Benjamin Colman. A Discourse had in the College-Hall at Cambridge, March 27th, 1722. Before the Baptism of R. Judah Monis… to which are added Three Discourses written by Mr. Monis himself, The Truth; The Whole Truth; and, Nothing but the Truth. One of which was deliver’d by him at his Baptism. pp. (4), 27; (2), 4, 6, 36; (2), 40; (2), 26. Browned and stained, lower blank portion of p. 27 removed, large section of final title-page torn away, ex-library with book-plates on front and rear pastedowns. Contemporary calf, worn and soiled. Sm. 8vo. Rosenbach 17-22; Singerman 15-18; Evans 2324; Sabin 14477

Boston: Daniel Henchman 1722

Est: $8,000 - $10,000
Judah Monis (1683-1764) was North America’s first college instructor of the Hebrew language and author of the first Hebrew textbook published in North America (“A Grammar of the Hebrew Tongue,” Boston, 1735). Monis was also the first Jew to receive a college degree in the American colonies. Born in Italy into a family of former Portuguese conversos and educated at Jewish academies in Italy and Holland, Monis emigrated to New York City around 1715, where he established a small store and taught Hebrew to both Christians and Jews. By 1720 he moved to Cambridge, Massachusetts, home of Harvard College. At that time, all Harvard undergraduates were required to study Hebrew. The assumption being that no Christian gentleman could be considered truly educated unless he could read the Bible in its original language. Monis was approved by the college as instructor of the Hebrew language - Harvard’s first full-time Hebrew instructor - but not as a Jew, since Harvard required all its faculty to be professing Christians.
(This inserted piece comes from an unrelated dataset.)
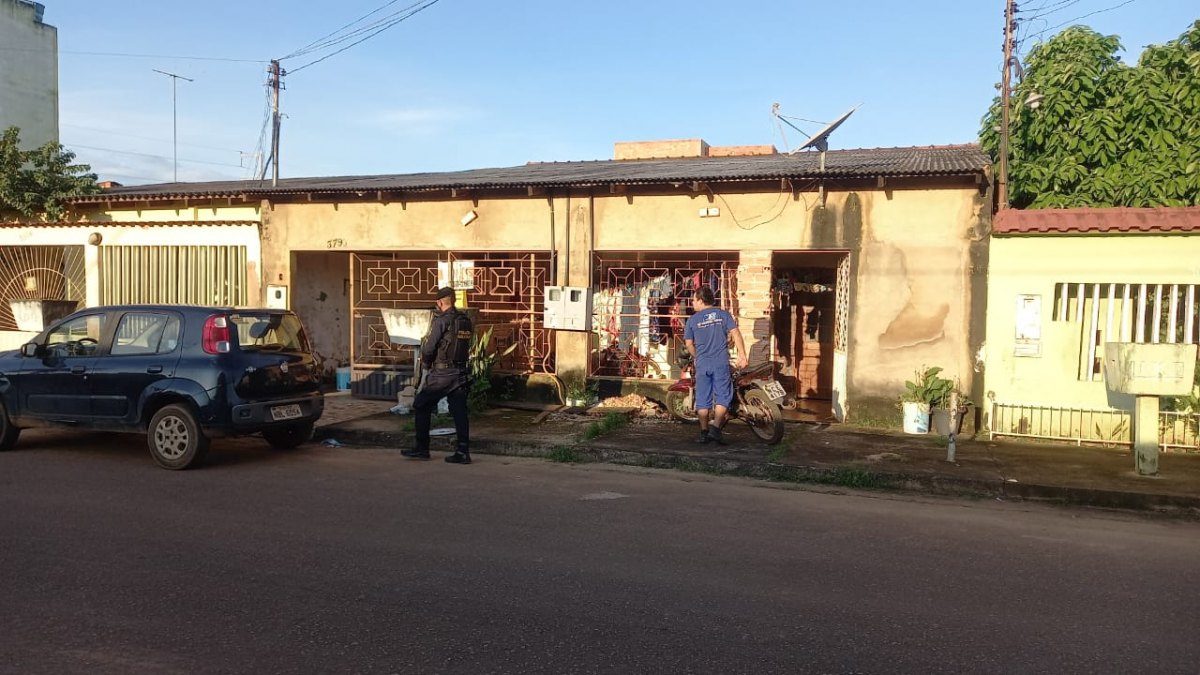 VÍDEO: PM faz buscas para prender criminosos na capital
One month before assuming his post at Harvard, Monis converted to Christianity - a conversion that attracted widespread notoriety. Some Christian clergy expressed concern that Harvard’s requirement that its faculty members be Christian had pushed Monis to an insincere conversion. In the present three sermons Monis defended his conversion arguing he left Judaism out of religious conviction and not opportunism. Monis, the descendant of conversos, himself became a convert. Monis’ life presents a particular case of how a Jew made a place for himself in colonial America. He came to Cambridge, which had no Jewish institutions, to teach Hebrew to Christian students. Having chosen to leave a mature Jewish community in New York City he entered Harvard as a Christian. But the Christian community looked on him with skepticism. Both the Cambridge First Church as well as the Harvard College records often refer to Monis as “the converted Jew,” “the converted rabbi;” and “the Christianized Jew.” Church records indicate concern that Monis may have quietly continued to observe the Sabbath on Saturday. The headstone of his grave in the Northboro churchyard bears witness to the double identity by which Monis lived in Massachusetts. Using the Christian image of a grafted tree for conversion, the inscription reads in part: “A native branch of Jacob see. Which once from off its olive brook/ Regrafted, from the living tree.” (Jewish Virtual Library).